4,ham,"Nah I don't think he goes to usf, he lives aro..."


In [4]:
sms.shape

(5572, 2)

In [5]:
sms.info()

<class 'pandas.core.frame.DataFrame'>
RangeIndex: 5572 entries, 0 to 5571
Data columns (total 2 columns):
Label    5572 non-null object
SMS      5572 non-null object
dtypes: object(2)
memory usage: 87.1+ KB


In [6]:
sms.Label.value_counts(normalize = True)

ham     0.865937
spam    0.134063
Name: Label, dtype: float64

## Training and Test Set

Once our spam filter is done, we'll need to test how good it is with classifying new messages. To test the spam filter, we're first going to split our dataset into two categories:

* A training set, which we'll use to "train" the computer how to classify messages.
* A test set, which we'll use to test how good the spam filter is with classifying new messages.

We're going to keep 80% of our dataset for training, and 20% for testing (we want to train the algorithm on as much data as possible, but we also want to have enough test data). The dataset has 5,572 messages, which means that:

* The training set will have 4,458 messages (about 80% of the dataset).
* The test set will have 1,114 messages (about 20% of the dataset).

First we'll randomize the data set

In [7]:
sms_rand = sms.sample(frac = 1, random_state = 1)
sms_rand.head()

Unnamed: 0,Label,SMS
1078,ham,"Yep, by the pretty sculpture"
4028,ham,"Yes, princess. Are you going to make me moan?"
958,ham,Welp apparently he retired
4642,ham,Havent.
4674,ham,I forgot 2 ask ü all smth.. There's a card on ...

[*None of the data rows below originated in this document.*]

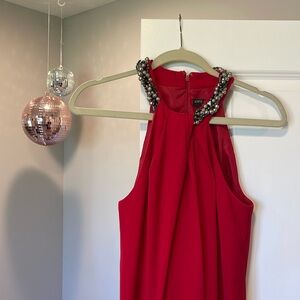 Red formal gown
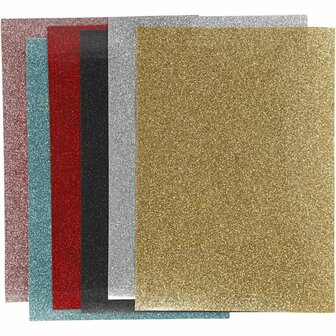 Opstrijkfolie - Glitter Opstrijkfolie - DIY Transferfolie - Diverse Kleuren - Formaat 148x210mm - Set van 6 Vellen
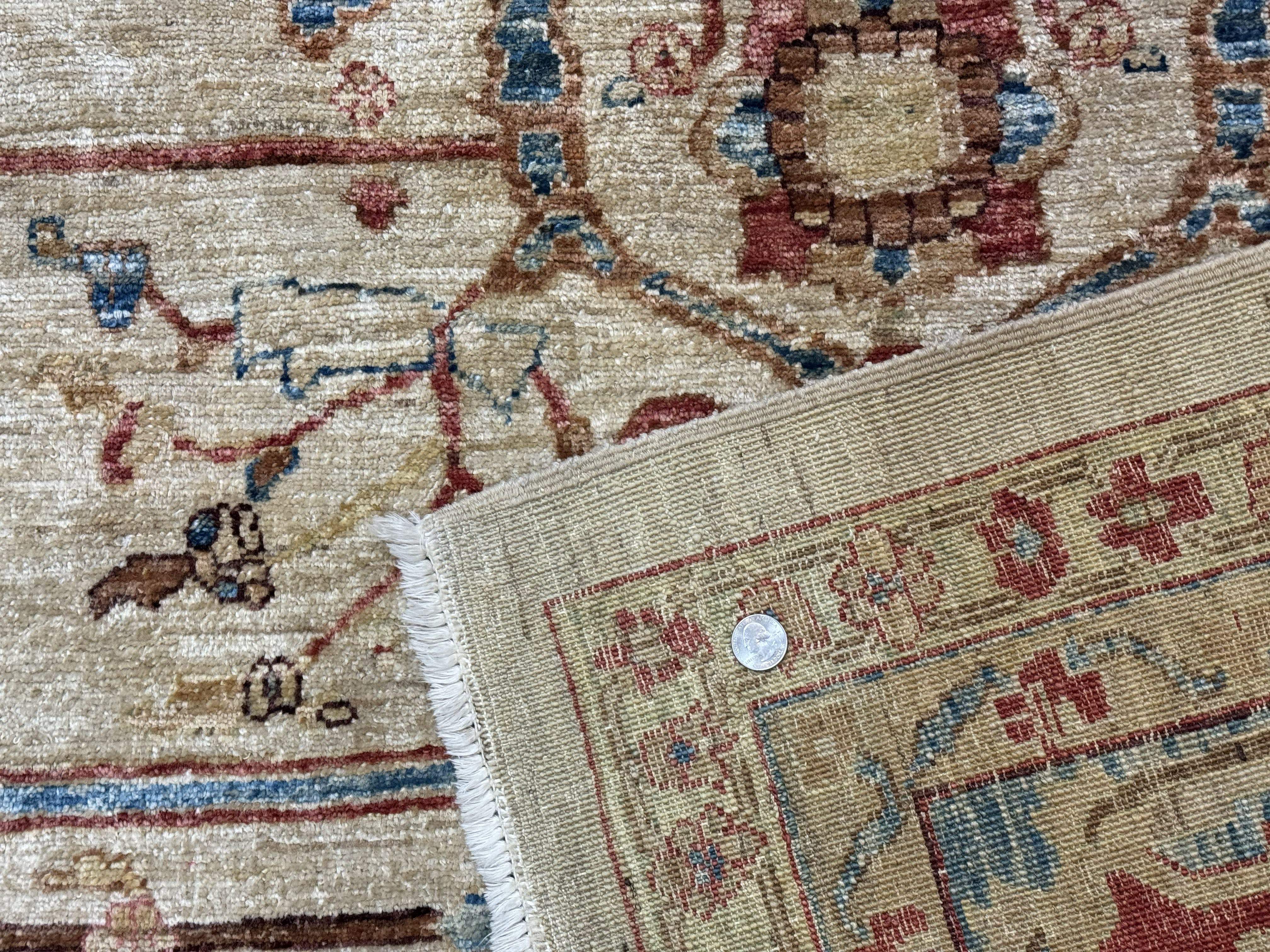 Pakistani Peshawar Rug 10x12 – Tan and Blue, Hand-Knotted Wool Oushak Carpet - Jewel Rugs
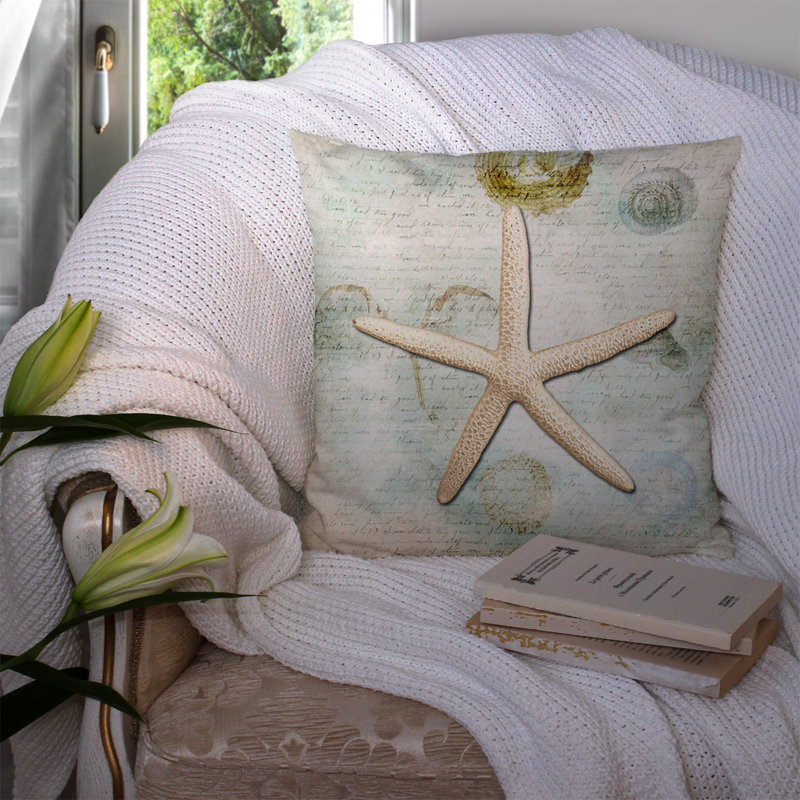 Coussin intérieur/extérieur étoile de mer, H 18 po x l 18 po x P 5,5 po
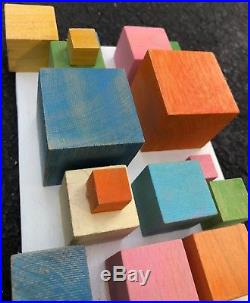 Unique Vintage Colored Wooden Cubes Abstract Sculpture Art Mid Century Modern
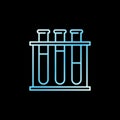 Test Tubes Rack vector concept linear blue icon or sign Royalty Free Stock Photo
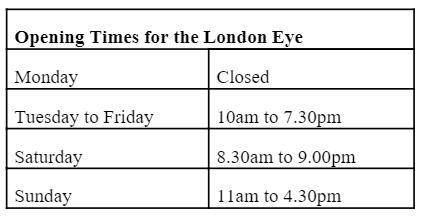 How many hours is the London Eye open for on Saturdays?pls help me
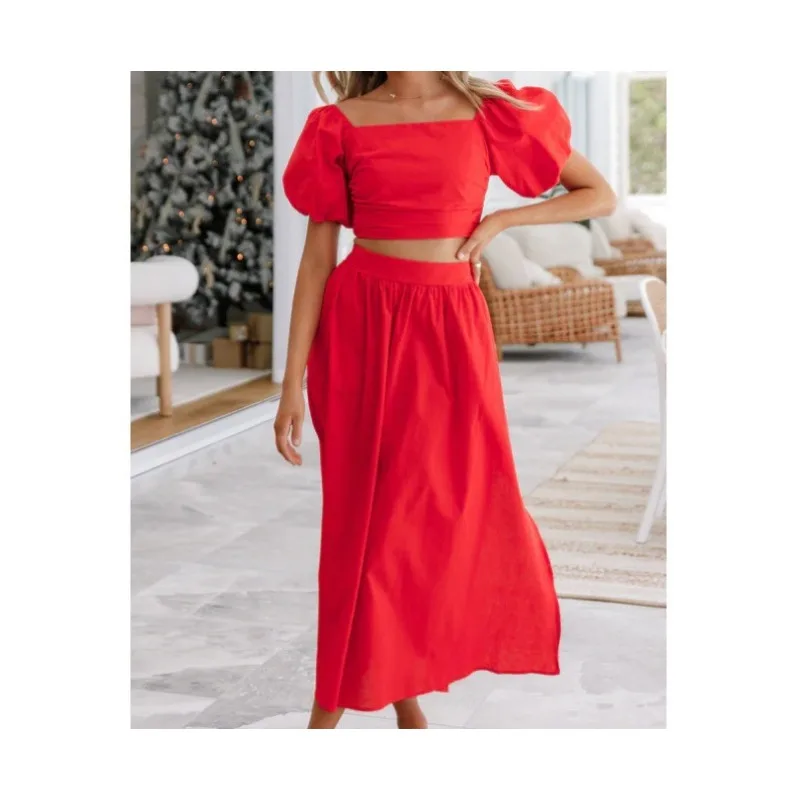 Women's Cage Sleeve Square Neck Top & Split A-line Skirts Sets Spring & Summer New Two Piece Set Outfits for Women french square collar socialite style color contrasting stripe coat double belt fishtail tweed skirts suit 3 piece sets outfits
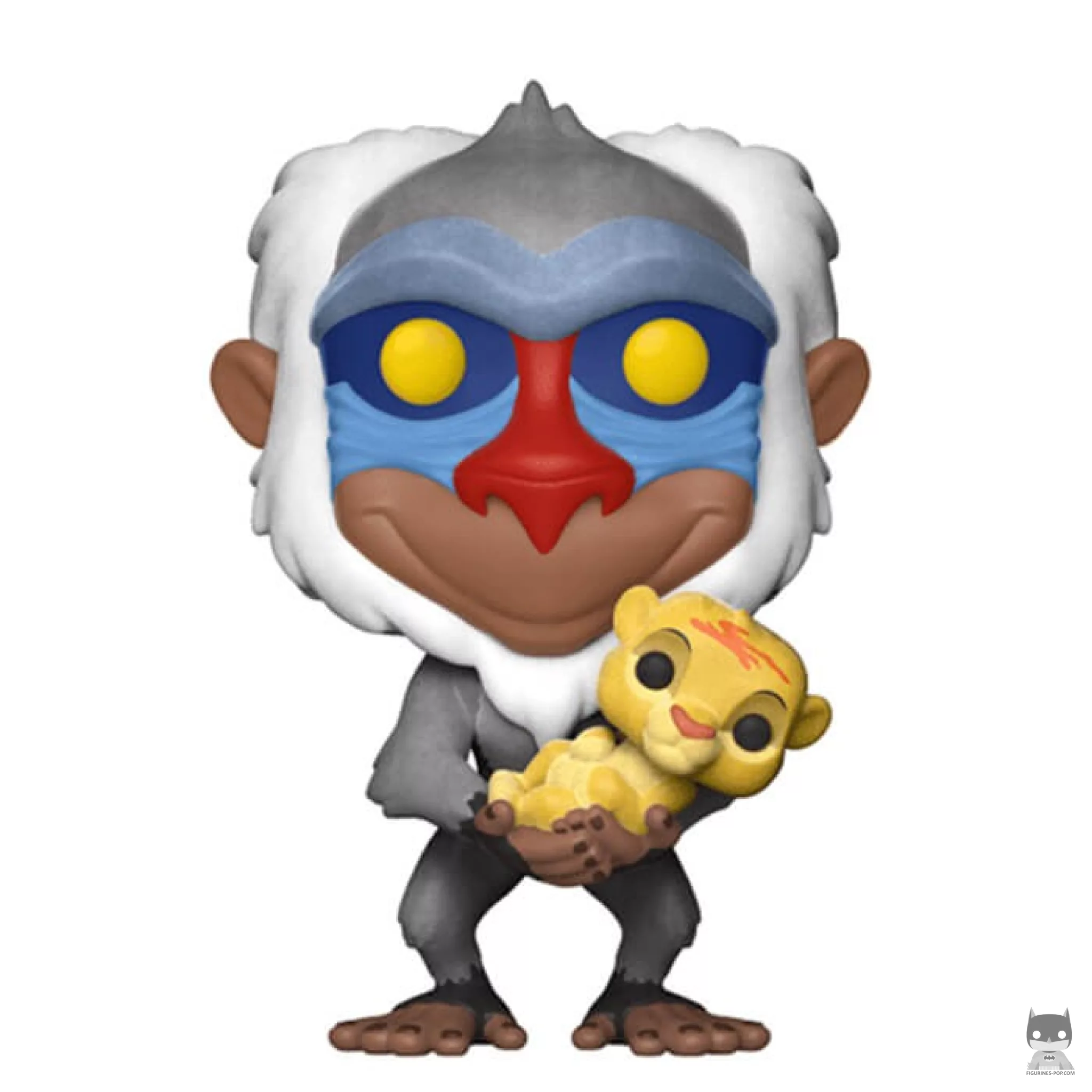 Figurine Funko POP Rafiki tenant Simba bébé (Flocked) (Le Roi Lion)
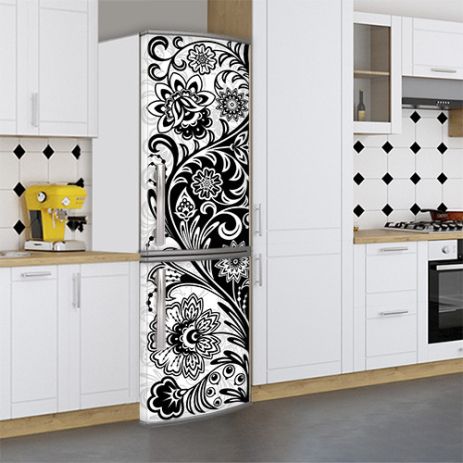 Наклейки на холодильник виниловая, цветочный узор, 180х60 см - Лицевая(В), с ламинацией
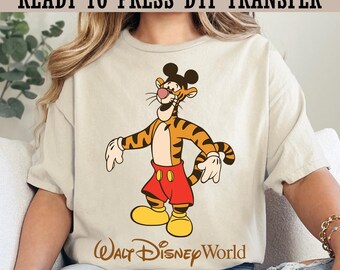 Winnie The Pooh Tigger Ready To Press,Tigger Mickey Costume DTF,Pooh Bear And Friends DTF,Pooh Hunny Heat Transfer,Disney Family Trip DTF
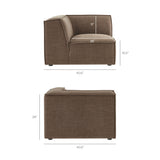 Restore Mocha 4-Piece Performance Fabric Upholstered Modular L-Shaped Armless Sectional Sofa - Ornate Home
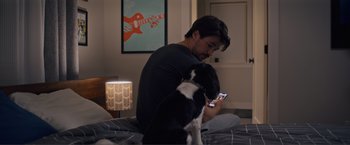 Movie still from “Puppy Love” (2023), directed by Richard Alan Reid – A man sitting on a bed looking at his phone; Medium shot, Low angle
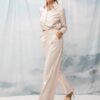 WIDE-LEG PLEATED PANTS IVORY STRIPES WE ARE DESIGN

Then we split the randomized data into training and test set:

In [8]:
n_train = int(round(sms_rand.shape[0]*.8,0))
n_test = int(sms_rand.shape[0] - n_train)
train = sms_rand.iloc[:n_train,:].copy()
train.info()

<class 'pandas.core.frame.DataFrame'>
Int64Index: 4458 entries, 1078 to 3482
Data columns (total 2 columns):
Label    4458 non-null object
SMS      4458 non-null object
dtypes: object(2)
memory usage: 104.5+ KB


In [9]:
test = sms_rand.iloc[n_train:,:].copy()
test.info()

<class 'pandas.core.frame.DataFrame'>
Int64Index: 1114 entries, 2131 to 5157
Data columns (total 2 columns):
Label    1114 non-null object
SMS      1114 non-null object
dtypes: object(2)
memory usage: 26.1+ KB


We'll reset the indexes of both test and training sets:

In [10]:
test.reset_index(inplace = True)
train.reset_index(inplace = True) 

In [11]:
test.head()

Unnamed: 0,index,Label,SMS
0,2131,ham,Later i guess. I needa do mcat study too.
1,3418,ham,But i haf enuff space got like 4 mb...
2,3424,spam,Had your mobile 10 mths? Update to latest Oran...
3,1538,ham,All sounds good. Fingers . Makes it difficult ...
4,5393,ham,"All done, all handed in. Don't know if mega sh..."


In [12]:
train.head()

Unnamed: 0,index,Label,SMS
0,1078,ham,"Yep, by the pretty sculpture"
1,4028,ham,"Yes, princess. Are you going to make me moan?"
2,958,ham,Welp apparently he retired
3,4642,ham,Havent.
4,4674,ham,I forgot 2 ask ü all smth.. There's a card on ...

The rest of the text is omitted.